I may be wrong about the source of the current ILGB and perhaps Toolbox is not (solely) to blame, but I do believe that it plays a part in a narrowing of conceptual thinking about annotation in language documentation, and hence the behaviour of language documenters.
NB: Thanks to Andrew Garrett for his comments on my previous post that caused me to think more deeply about these issues and attempt to explicate and exemplify them more clearly here.

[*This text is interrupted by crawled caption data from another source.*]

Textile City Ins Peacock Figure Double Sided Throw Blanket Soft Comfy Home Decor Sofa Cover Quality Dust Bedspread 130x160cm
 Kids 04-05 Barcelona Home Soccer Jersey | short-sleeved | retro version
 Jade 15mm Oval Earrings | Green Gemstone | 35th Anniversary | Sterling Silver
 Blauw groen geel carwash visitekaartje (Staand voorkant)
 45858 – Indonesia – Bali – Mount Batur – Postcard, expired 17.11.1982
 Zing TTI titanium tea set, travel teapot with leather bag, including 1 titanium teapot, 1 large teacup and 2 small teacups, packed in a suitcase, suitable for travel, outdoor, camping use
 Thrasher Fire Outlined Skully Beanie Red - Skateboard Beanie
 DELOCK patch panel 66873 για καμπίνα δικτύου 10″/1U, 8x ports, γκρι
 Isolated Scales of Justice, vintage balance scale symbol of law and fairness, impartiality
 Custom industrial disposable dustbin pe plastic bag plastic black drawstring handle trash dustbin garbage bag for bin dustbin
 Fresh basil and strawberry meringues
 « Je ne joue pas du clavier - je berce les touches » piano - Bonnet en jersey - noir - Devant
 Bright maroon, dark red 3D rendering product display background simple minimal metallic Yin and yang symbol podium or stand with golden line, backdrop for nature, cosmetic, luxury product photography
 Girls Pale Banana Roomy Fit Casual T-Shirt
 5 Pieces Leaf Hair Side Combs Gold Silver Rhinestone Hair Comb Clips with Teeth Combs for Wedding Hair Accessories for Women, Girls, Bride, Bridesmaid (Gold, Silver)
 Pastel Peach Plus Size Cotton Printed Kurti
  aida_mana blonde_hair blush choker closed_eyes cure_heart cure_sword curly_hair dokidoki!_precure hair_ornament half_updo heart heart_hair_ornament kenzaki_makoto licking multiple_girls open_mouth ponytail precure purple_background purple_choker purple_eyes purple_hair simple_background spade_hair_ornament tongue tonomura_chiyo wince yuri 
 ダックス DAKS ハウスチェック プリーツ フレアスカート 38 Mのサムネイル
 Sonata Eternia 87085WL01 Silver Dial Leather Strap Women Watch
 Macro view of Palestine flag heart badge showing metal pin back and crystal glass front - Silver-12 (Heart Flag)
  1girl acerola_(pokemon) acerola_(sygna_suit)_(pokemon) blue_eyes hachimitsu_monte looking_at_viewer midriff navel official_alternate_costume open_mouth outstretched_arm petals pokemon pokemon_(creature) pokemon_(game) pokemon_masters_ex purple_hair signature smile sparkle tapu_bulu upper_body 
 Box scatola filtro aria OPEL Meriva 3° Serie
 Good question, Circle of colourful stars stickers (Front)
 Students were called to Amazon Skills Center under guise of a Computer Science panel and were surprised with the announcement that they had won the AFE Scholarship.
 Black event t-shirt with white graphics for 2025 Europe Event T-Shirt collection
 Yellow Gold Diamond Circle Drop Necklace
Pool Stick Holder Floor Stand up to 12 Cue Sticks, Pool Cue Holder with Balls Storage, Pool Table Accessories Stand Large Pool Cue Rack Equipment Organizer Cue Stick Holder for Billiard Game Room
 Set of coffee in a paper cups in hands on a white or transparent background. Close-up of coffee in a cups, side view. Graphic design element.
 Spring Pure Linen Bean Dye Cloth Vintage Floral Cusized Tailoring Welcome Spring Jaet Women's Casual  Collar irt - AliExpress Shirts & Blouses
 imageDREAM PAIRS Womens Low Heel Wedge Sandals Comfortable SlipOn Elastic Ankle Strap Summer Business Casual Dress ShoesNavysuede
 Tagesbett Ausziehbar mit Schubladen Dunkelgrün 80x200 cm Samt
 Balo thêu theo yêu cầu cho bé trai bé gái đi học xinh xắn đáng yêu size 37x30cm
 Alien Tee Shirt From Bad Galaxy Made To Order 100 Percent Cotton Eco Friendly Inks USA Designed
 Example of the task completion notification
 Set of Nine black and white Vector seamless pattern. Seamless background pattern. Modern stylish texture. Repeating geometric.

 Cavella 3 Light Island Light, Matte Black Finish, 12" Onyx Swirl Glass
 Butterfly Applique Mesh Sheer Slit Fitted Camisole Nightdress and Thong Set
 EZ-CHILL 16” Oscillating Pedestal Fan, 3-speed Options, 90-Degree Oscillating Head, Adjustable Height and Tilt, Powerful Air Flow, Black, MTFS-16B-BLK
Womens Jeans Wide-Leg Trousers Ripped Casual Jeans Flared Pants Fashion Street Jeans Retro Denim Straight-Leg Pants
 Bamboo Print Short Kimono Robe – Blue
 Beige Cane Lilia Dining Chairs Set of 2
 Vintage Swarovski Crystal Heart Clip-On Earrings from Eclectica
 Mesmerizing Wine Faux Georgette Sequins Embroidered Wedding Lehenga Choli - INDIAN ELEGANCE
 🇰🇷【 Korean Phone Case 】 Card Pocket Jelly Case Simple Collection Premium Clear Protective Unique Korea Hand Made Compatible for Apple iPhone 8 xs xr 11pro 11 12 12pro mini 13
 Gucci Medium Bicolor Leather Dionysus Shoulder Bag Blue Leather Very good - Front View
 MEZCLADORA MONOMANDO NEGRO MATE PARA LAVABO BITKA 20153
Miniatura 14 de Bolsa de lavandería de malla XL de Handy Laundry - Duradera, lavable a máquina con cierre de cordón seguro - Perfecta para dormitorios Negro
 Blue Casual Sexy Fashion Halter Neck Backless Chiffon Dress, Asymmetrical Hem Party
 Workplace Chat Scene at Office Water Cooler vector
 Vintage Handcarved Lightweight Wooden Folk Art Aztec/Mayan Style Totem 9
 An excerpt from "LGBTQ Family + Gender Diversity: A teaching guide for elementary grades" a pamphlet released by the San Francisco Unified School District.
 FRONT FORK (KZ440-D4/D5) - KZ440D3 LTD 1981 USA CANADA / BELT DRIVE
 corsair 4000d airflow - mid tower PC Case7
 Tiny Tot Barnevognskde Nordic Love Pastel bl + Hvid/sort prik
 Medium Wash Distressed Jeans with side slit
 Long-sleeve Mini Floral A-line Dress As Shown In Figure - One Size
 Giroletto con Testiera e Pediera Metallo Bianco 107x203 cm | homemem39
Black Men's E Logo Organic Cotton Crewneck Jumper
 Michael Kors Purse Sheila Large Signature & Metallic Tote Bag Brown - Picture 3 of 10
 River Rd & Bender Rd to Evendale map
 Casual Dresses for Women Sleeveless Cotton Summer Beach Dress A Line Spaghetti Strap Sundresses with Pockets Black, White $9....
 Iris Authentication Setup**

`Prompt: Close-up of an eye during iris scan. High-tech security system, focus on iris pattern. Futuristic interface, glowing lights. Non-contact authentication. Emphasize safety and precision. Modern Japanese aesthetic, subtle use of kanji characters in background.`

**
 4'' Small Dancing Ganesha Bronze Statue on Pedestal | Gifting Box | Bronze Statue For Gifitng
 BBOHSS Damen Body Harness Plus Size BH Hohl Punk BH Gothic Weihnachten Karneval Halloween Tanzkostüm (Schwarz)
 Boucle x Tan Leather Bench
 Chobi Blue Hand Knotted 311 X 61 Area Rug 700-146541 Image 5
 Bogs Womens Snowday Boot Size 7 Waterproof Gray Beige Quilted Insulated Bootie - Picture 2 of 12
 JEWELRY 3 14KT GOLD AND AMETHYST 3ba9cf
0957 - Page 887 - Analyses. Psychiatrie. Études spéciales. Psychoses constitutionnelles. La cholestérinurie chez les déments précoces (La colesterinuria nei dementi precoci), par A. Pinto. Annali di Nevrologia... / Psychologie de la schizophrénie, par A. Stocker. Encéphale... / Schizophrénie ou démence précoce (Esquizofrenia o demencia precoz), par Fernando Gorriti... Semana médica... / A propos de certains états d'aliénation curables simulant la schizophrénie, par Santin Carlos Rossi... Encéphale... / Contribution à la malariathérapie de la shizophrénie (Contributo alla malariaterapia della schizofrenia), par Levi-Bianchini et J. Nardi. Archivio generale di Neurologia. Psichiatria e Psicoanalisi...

- ELAN is a tool designed for time-aligned transcription and annotation of media files, and is also widely used by language docunenters, bringing with it its own kind of window on the world that I do not discuss here
- There may be a separate further dimension to be concerned about that results from the shift from analogue to digital hardware, rather than being a software issue. In the old days tapes were expensive and junior researchers in particular only had access to a rationed supply and therefore had to think seriously about what and how much to record. Today, with digital storage being so cheap and easy to use (especially for copying and file transfer), there is a temptation to “record everything” on multiple machines (one or more video cameras plus one or more audio recorders) and not write much down because “you can always listen to it later”. This can easily and quickly give rise to megabytes of files to be managed and processed. I saw this temptation among the students taking my Fieldmethods course this year — they learned after a few sessions of working with the consultant this way about the pain that then comes from the need to search through hours of digital recordings for which they had few fieldnotes or metadata annotations.